The yen has been falling for some time. On a PPP basis, it’s now seriously undervalued – averaging out its PPP valuation calculated using consumer prices, producer prices and the OECD methodology of looking at a basket of goods, it’s the most undervalued of all the G10 currencies. Can it really fall any lower?
Yes, in my view. The currency was seriously overvalued for years and I see no problem in it being seriously undervalued for years, too. The point is that growth is structurally slow in Japan and so I expect investment funds to move elsewhere in search of higher returns, causing the yen to weaken.
We can see that trend already when looking at the basic balance (the current account plus long-term investment: portfolio investment and foreign direct investment). Over the longer term, the basic balance is a good indicator of which direction the currency is headed. As you can see from the graph below, it’s a large outflow from Japan.
Portfolio outflows continue unabated as investors seek higher bond and equity returns abroad. Three-quarters of the portfolio outflows go into foreign bonds, most of which is likely to flow to the US, where yields are higher than in Japan, rather than Europe, where yields are just as low if not lower. At the same time, the direct investment outflow is only likely to grow. The Japanese population is shrinking, so companies looking for growth will have to increase their operations abroad.

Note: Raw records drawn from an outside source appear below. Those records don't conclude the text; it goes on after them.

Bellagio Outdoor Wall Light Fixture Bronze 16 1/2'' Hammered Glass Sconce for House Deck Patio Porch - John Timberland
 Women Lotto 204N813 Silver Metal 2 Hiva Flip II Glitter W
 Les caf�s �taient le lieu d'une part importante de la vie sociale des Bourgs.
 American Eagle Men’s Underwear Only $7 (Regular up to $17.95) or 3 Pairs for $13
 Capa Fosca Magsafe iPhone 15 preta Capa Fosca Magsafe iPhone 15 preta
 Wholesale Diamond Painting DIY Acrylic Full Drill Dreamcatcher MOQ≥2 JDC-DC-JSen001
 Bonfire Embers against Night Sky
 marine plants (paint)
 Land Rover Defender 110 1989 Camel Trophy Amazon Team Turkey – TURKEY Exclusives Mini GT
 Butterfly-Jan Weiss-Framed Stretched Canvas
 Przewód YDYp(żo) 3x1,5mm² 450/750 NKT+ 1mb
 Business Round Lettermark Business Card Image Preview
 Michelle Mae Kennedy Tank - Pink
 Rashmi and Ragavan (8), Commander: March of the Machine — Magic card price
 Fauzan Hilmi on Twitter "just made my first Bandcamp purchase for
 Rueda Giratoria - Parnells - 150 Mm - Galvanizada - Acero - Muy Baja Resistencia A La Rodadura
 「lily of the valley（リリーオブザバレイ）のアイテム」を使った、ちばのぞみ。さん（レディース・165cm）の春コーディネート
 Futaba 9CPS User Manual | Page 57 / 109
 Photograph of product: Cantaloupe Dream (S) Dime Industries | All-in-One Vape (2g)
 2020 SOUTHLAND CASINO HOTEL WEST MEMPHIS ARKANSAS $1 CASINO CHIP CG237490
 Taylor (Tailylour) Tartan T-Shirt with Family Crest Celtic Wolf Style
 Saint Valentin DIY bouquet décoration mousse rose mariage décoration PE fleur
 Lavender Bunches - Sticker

It’s true that the current account surplus is rising once again, but that’s not necessarily a good thing. It’s rising because Japanese imports are falling, not because exports are rising. On the contrary, exports are continuing to fall, but just not as rapidly as imports.
The reason imports are falling is simple: oil prices are falling. That accounts for more than all of the decline in imports.
The authorities were hesitant to allow the yen to weaken further before, because high oil prices in yen terms were becoming a burden for the country. But with oil prices now much lower, they may be willing to countenance a weaker yen to boost flagging exports and support Japanese industry. With the country going in and out of recession, Japan needs the boost to its exports to keep up demand. As the graph below shows, net exports have barely made any contribution to growth over the last several years.
Against this background of domestic demand held back by structural demographic changes, I expect the Bank of Japan will have to do its part to get the Japanese economy moving again.
Furthermore, the BoJ hasn’t met its inflation target by any means. While core inflation (excluding food & energy) has been moving up slightly recently, headline inflation is back to zero.
To make matters worse, people are starting to lose faith in the BoJ. The percent of people who expect prices to be higher a year from now began to rise before PM Abe was first elected as they expected him to put pressure on the BoJ to ease policy further. Mr. Kuroda’s appointment and the beginning of QQE brought a lot of confidence that deflation was finally going to end. But that confidence has started to wane as years of buying bonds has failed to rekindle inflation.
Faced with a stagnating economy and continued deflation, the Bank of Japan will probably have to respond by increasing yet again its QQE program -this time perhaps by lowering interest rates below zero, as several European countries have done already. Negative interest rates have a more direct impact on the currency than bond purchases do. I expect that move would only encourage further capital outflows.
In sum, as the Japanese population shrinks and the economy stagnates, I expect capital outflows to accelerate as investors and manufacturers both look abroad for higher growth opportunities. The BoJ is likely to play its part in this as it loosens policy further to get the country out of deflation, with the inevitable spillover effects onto the yen. I see the yen weakening further in 2016.